Reverie by Caroline Hu AW26
There are designers who create clothing, and then there are designers like Reverie by Caroline Hú who create emotional landscapes. For Autumn/Winter 2026, Caroline Hú delivered one of Paris Fashion Week’s most quietly devastating collections; a meditation on memory, softness, and the objects we hold onto long after they have lost their original purpose. AW26 turned inward, drawing inspiration from aged garments, forgotten furniture, and deeply personal keepsakes. At the center of the collection was an intimate reference point: a worn towel Hú has kept since childhood, transformed in her imagination into a vessel of comfort, nostalgia, and emotional permanence. That sense of tenderness echoed throughout the runway. Fabrics appeared weathered yet precious, distressed cotton mesh frayed delicately at the edges, cloud-like embroidery floating across tulle, and layers of textile manipulation that felt less constructed than organically grown.
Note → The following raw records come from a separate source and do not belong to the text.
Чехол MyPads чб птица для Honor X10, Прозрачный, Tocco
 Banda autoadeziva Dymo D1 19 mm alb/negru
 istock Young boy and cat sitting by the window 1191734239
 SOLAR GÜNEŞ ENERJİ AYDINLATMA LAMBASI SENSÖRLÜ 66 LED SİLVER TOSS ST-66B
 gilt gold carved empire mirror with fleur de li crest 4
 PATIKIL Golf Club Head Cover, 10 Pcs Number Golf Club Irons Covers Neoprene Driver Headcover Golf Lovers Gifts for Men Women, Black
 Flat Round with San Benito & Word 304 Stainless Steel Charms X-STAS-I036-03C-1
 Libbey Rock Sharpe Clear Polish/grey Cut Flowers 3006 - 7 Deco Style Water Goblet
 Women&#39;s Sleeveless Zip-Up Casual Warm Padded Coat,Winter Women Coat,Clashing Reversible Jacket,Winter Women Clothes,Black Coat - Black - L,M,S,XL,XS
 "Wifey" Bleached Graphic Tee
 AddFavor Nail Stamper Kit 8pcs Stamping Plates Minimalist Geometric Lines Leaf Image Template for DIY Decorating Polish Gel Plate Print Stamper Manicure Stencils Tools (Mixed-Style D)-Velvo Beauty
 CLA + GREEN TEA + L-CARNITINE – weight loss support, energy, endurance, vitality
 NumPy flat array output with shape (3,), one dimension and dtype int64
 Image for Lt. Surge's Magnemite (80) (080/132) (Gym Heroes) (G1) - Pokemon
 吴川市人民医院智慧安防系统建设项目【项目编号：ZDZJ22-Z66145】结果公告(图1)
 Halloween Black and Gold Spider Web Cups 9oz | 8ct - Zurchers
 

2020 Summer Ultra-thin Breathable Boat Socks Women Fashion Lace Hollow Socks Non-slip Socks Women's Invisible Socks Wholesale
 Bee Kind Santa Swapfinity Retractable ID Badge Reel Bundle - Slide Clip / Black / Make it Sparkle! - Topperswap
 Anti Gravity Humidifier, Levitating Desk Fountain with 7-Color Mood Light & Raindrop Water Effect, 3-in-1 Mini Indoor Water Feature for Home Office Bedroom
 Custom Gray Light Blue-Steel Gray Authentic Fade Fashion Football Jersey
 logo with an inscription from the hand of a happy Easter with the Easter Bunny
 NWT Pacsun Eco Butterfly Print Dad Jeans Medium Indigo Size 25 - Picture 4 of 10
Hú treated garments almost like living memories, allowing them to unravel, reform, and evolve in motion.
What made the collection especially compelling was its tactile depth. Hú’s work has always balanced romance with experimentation, but AW26 sharpened that dialogue into something more emotionally raw. Multiple materials coexisted within a single look; silicone-coated florals embedded into translucent layers, cracked knit textures beside impossibly soft tulles, and sculptural forms softened by movement. Silhouettes floated between fragility and protection. Oversized cocoon shapes enveloped the body, while delicate floral appliqués emerged from fractured surfaces almost like flowers growing through concrete. The garments never felt overly polished; instead, they embraced imperfection as part of their beauty. There was also a notable maturity to the styling this season. While earlier Reverie collections often leaned heavily into dreamlike fantasy, AW26 grounded its romanticism in something more lived-in and introspective. The result was less escapism and more emotional archaeology.
In one of the collection’s strongest creative decisions, Hú replaced traditional runway casting with dancers Emma Portner and Matt McCreary, allowing movement to become part of the storytelling. Their choreography transformed the runway into something almost theatrical, emphasizing the fluidity and emotional vulnerability of the clothes. Rather than presenting fashion as static perfection, the performance highlighted the collection’s core themes; tenderness, rupture, and the tension between holding on and letting go.
One of the more unexpected moments came via Hú’s collaboration with Crocs, which debuted a reimagined Bae Clog adorned with cracked knitted uppers and hand-embroidered silk ribbon flowers. In another designer’s hands, the concept could have felt gimmicky. Here, it became an extension of the collection’s emotional language, beauty emerging from wear, softness pushing through damage. It also reinforced Hú’s growing ability to bridge avant-garde craftsmanship with commercially recognizable objects without compromising her identity.
What continues to set Caroline Hú apart is her refusal to chase spectacle for spectacle’s sake. In an industry increasingly driven by immediacy and viral moments, Reverie by Caroline Hú remains deeply personal, almost stubbornly emotional. AW26 was not about trends or sharp cultural commentary; it was about intimacy, memory, and the emotional residue objects leave behind. The collection felt less like a fashion show and more like stepping inside someone’s dream journal; fragile, imperfect, romantic, and profoundly human. With AW26, Caroline Hú reaffirmed herself as one of the most emotionally intelligent voices working in fashion today.